More than 10 million men and women suffer from chronic obstructive airway disease (COPD). It’s the fourth leading cause of death in the U.S. And according to the CDC, the disease is caused–at least in part–by inhaling noxious vapors, gases, and particles.
You probably do your best to avoid harmful vapors and gases. For instance, you know better than to bleach your bathroom with the doors and windows closed. And you don’t linger behind a ’57 Chevy pumping out black exhaust smoke.
But some particles in the air–called nanoparticles–are too small to see. They are so tiny, they’re measured in billionths of a meter (or nanometers). And they’re too small for you to knowingly avoid inhaling. But they can cause major problems in your airways.
In fact, science now shows that these nanoparticles can significantly impair your breathing.

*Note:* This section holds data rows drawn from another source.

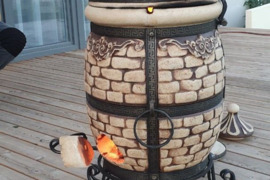 65 l tandoor plytų krosnelė | Rankų darbo šamotinė grilio krosnis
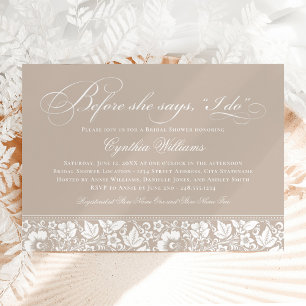 Before She Says I Do Vintage Beige Bridal Shower Invitation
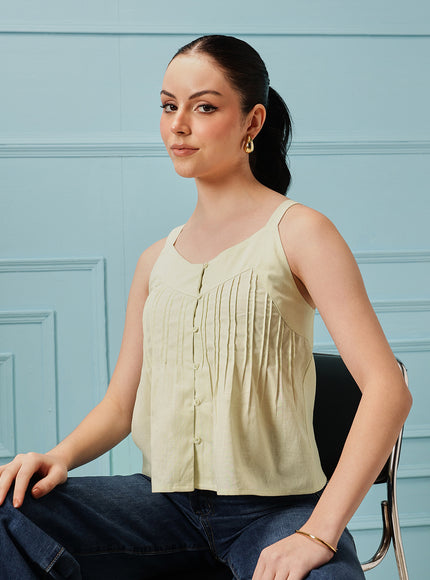Qazmi Women's Cotton Linen Tank Top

Without a doubt, nanoparticle research is an up-and-coming scientific field. Engineering on a nanoscale allows scientists to build materials atom by atom. Scientists are also using nanotechnology to develop new ways of delivering medicines at a subcellular level.
Recently, scientists discovered that tiny nanoparticles in the air can affect your pulmonary “surfactant.” These surfactant molecules lubricate the lining of your lungs. Surfactant also helps oxygen in the air pass into the hemoglobin in red blood cells.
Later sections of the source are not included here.